_Exercise goal_. Without any pictures, print the lines below from the one that has "Camisa Manga Longa Fio Tinto Azul" through the one that has "Obraz premium Empty", exactly and nothing else.

_Entries supplied_.
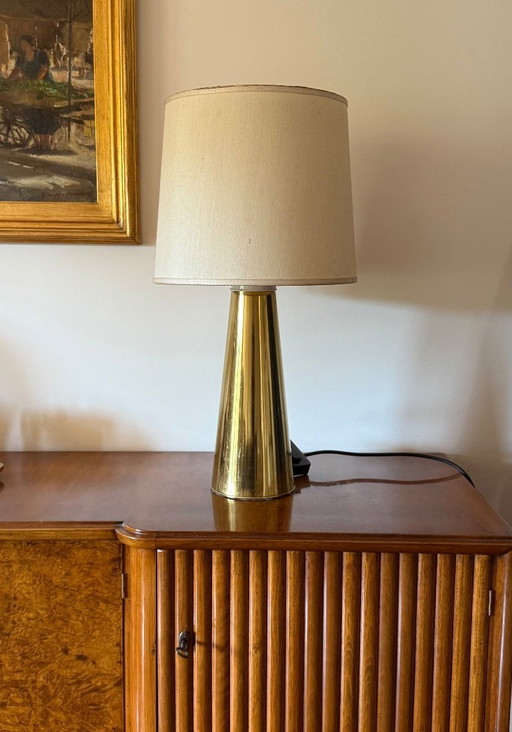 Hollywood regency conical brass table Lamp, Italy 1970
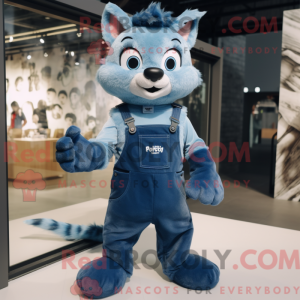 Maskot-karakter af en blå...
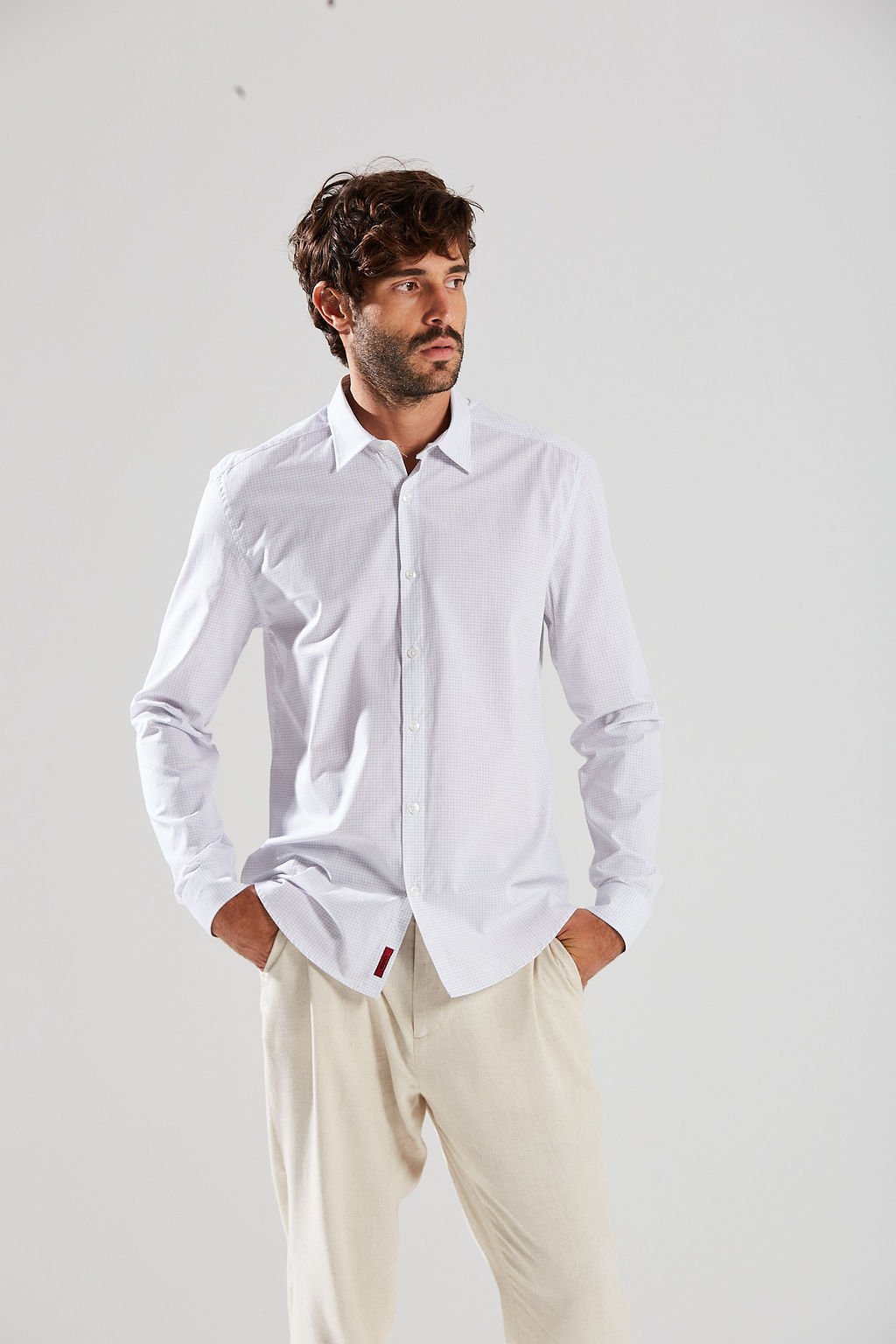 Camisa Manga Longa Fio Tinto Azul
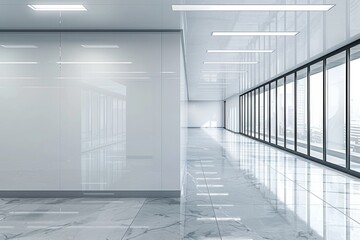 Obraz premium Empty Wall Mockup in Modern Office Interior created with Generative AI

...

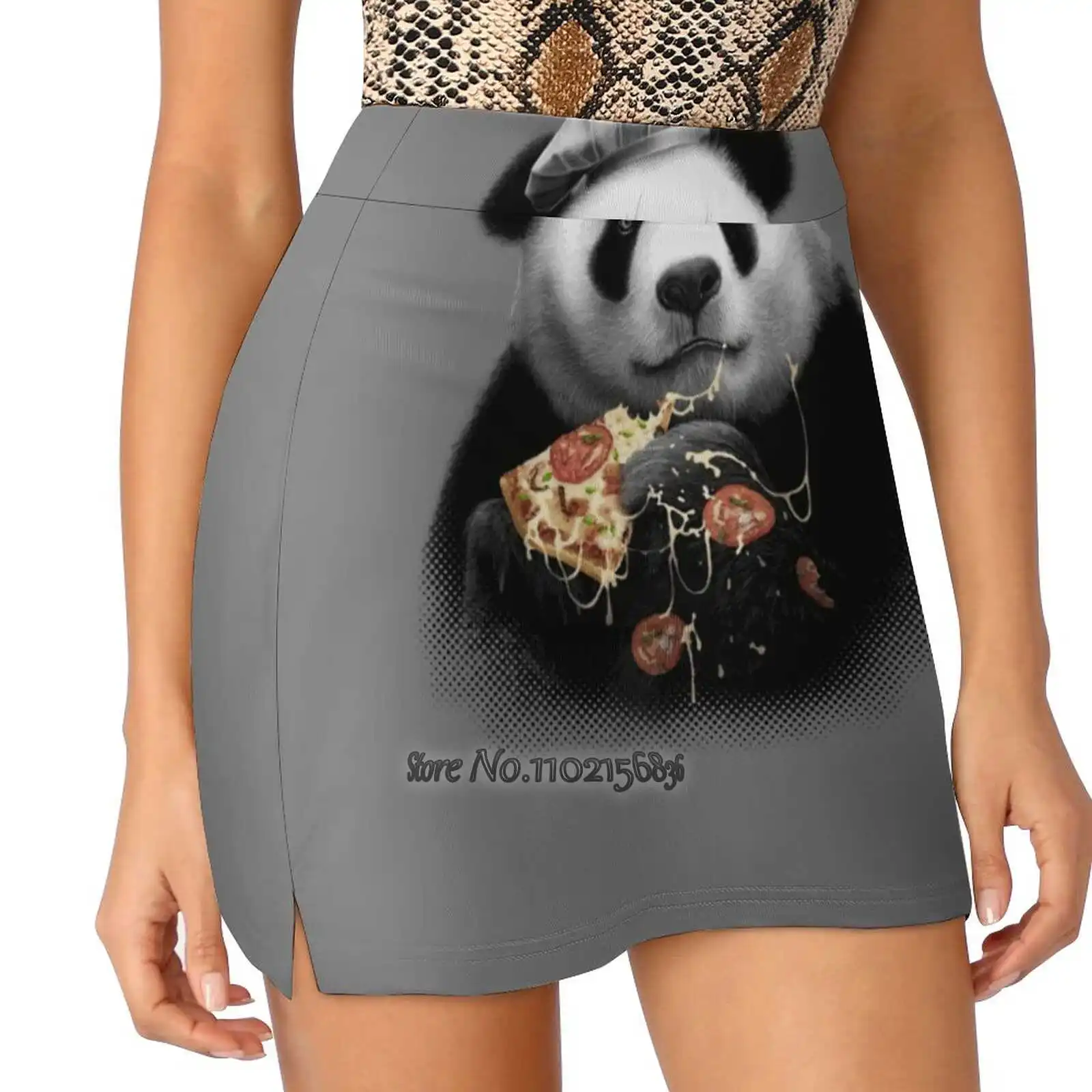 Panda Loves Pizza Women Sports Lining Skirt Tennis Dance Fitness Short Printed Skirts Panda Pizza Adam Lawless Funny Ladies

---

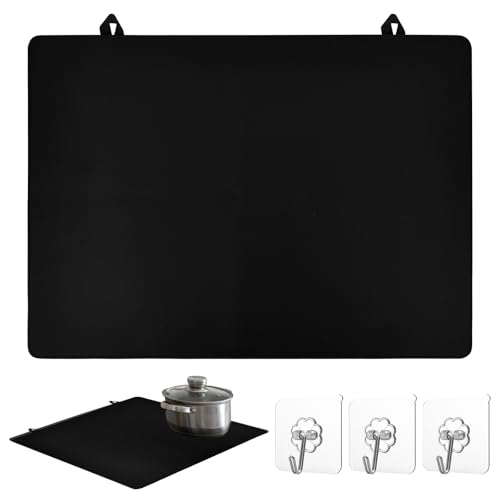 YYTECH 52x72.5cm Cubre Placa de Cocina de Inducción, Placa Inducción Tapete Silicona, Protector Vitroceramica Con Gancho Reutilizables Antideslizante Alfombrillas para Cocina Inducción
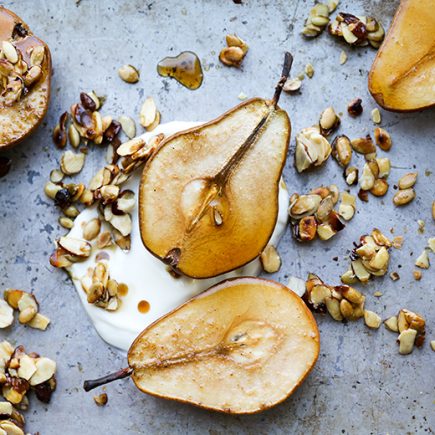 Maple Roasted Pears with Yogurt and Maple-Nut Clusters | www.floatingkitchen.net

_Result_.
 Camisa Manga Longa Fio Tinto Azul
 Obraz premium Empty Wall Mockup in Modern Office Interior created with Generative AI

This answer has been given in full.